SMEs and start-up businesses: essential solutions to Vietnamese-French relations

Linkbynet, a French IT Services Company, extends its presence to Vietnam by opening its office in 2014 and is a member of "French Tech Viet" community. 
 
The event opened additional opportunities for Vietnamese-French economic cooperation and improved the effectiveness, dynamism, and creativity of French enterprises in Vietnam.
Small and medium-sized enterprises and start-up businesses are a major driver of the global economy.

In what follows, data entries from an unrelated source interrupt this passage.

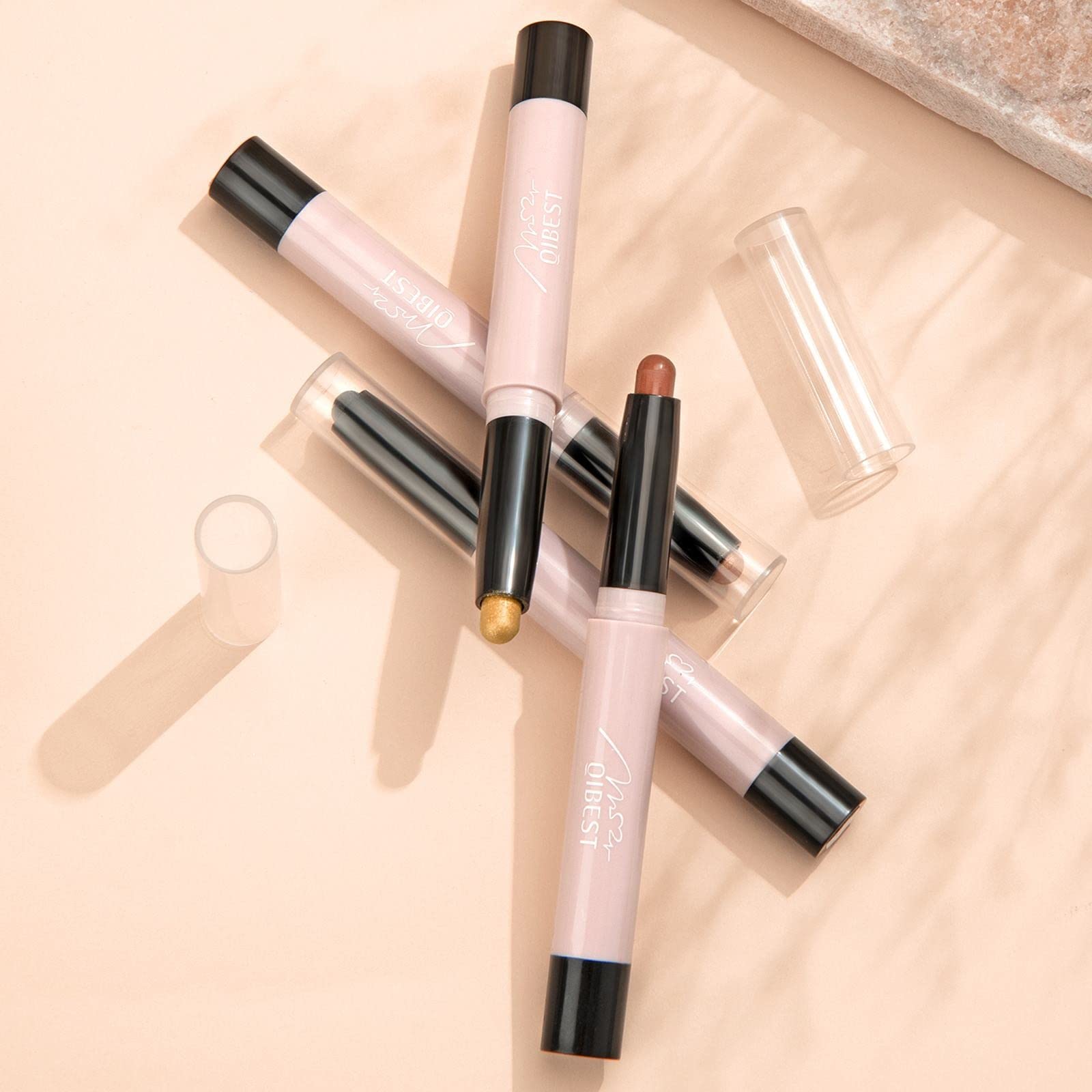 SWEETSHION Pearl Highligh Eye Shadow Stick Easy To Color Glitter Eye Shadow Pencil, Lasting Sweat Proof Brightening Eye Makeup, 1PC Lazy Eye Shadow Stick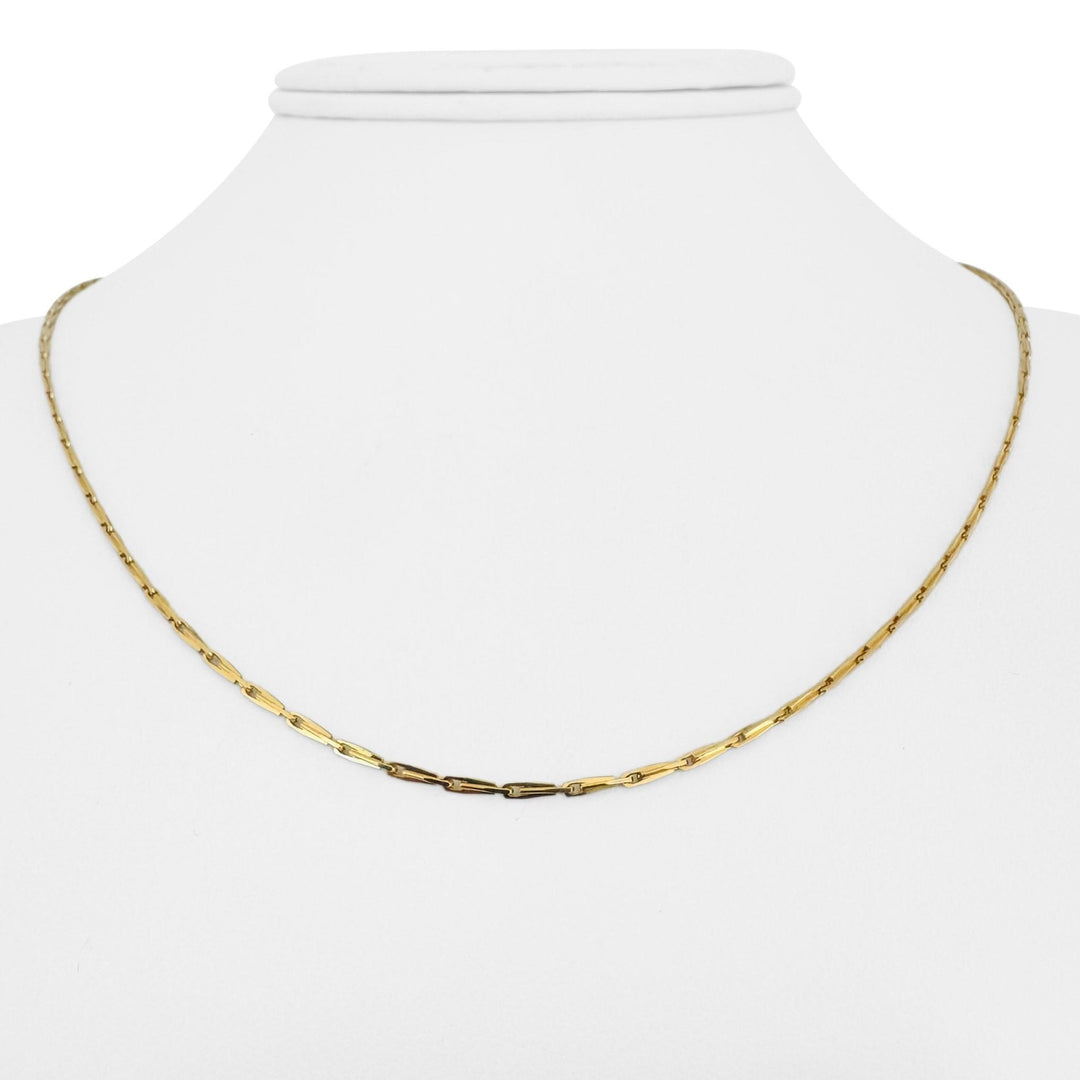 18k Yellow Gold 5.3g Thin 1.5mm Twisted Bar Link Chain Necklace Italy 18"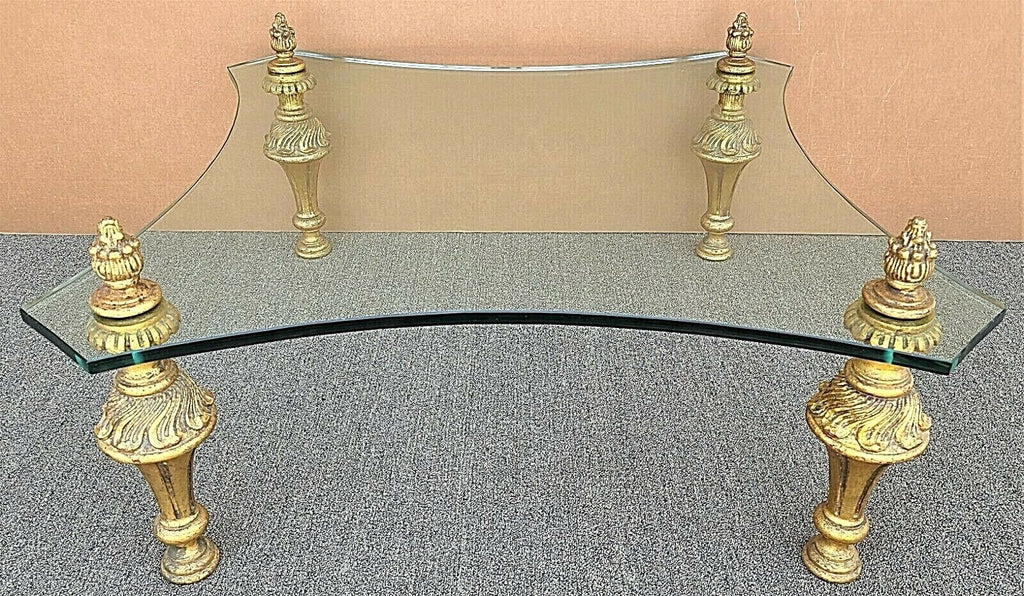 Vintage FRANCISCO HURTADO Hollywood Regency Glass Giltwood Coffee Cocktail Table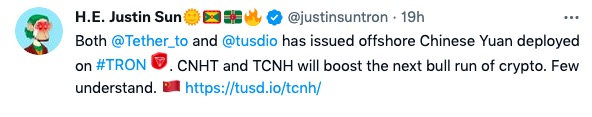 推出離岸人民幣穩定幣TCNH,TrueUSD和波場TRON的“快手式突圍”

A start-up can be described as a small company that develops or offers an innovative product, process, or service.
 
Although economic, trade, and investment cooperation between Vietnam and France is growing, some say it’s lagging behind their political relations, partly because they have paid too little attention to boosting cooperation between their SME communities.
 
Pierre Journoud, a specialist in Vietnamese-French relations, said the Vietnam market is witnessing stiff competition that will require French companies to change their way of thinking to find new cooperation opportunities.
 
He said, “France has attached exaggerated importance to big companies, groups, and contracts. Diplomatically, it’s essential for France because these are the corporations which have set firm footholds globally and played important roles in France’s investment and cooperative projects abroad, especially in Southeast Asia including Vietnam. France is famous for the diversity, creativity, and dynamism of its SMEs and start-up businesses.”
 
France now has 400 funds for investing in start-up businesses and a start-up company can receive up to 3.5 million euros. Last year, capital invested in start-ups increased 40% to 2.6 billion euros, three fourths of which went to technological start-ups.
 
Sigfox, the most typical startup business, has received the most investment capital: 100 million euros. But only 10% of startup businesses in France have been successful, so France has set a ceiling on its investment in startups to limit its financial risk.
 
French Tech Viet is a French startup community in Vietnam with some 800 members, 120 working in new technologies like IT, telecommunications, e-government, audiovisual, e-commerce, space security, and e-learning.
 
The start-up trend is strongly developing in Vietnam offering a good opportunity for France and Vietnam to increase their economic cooperation. 
 
Lawyer Gerard Ngo, who has spent many years studying the Vietnamese-French relations, said, “The French President’s visit opened new opportunities for bilateral economic cooperation, particularly in the areas in which the two SME and startup communities have advantages because Vietnam is a country with a young, dynamic, and creative population."
 
"So both can benefit from cooperation in new, potential fields which will be a great supplement to the existing cooperation between corporations of the two nations,” he noted.
 
There remain untapped fields in which France’s SMES have advantages, according to Nguyen Hai Nam, President of the Vietnamese Entrepreneurs’ Association in France (ABVietFrance).
 
Nam said, “First it’s necessary to study carefully France’s potential partners and market via the Vietnamese trade representative agencies in the host country and associations before launching a product. We need fact-finding tours of France and other European countries to learn how to attract local customers, how to display or show products, and how to make our packing fit their standards and taste."
 
"Even French companies are advised to conduct fact-finding tours if they want to invest in the Vietnamese market. In addition, Vietnamese enterprises, including major businesses, should have qualified staff. One of the required skills is to be able to speak French,” he added.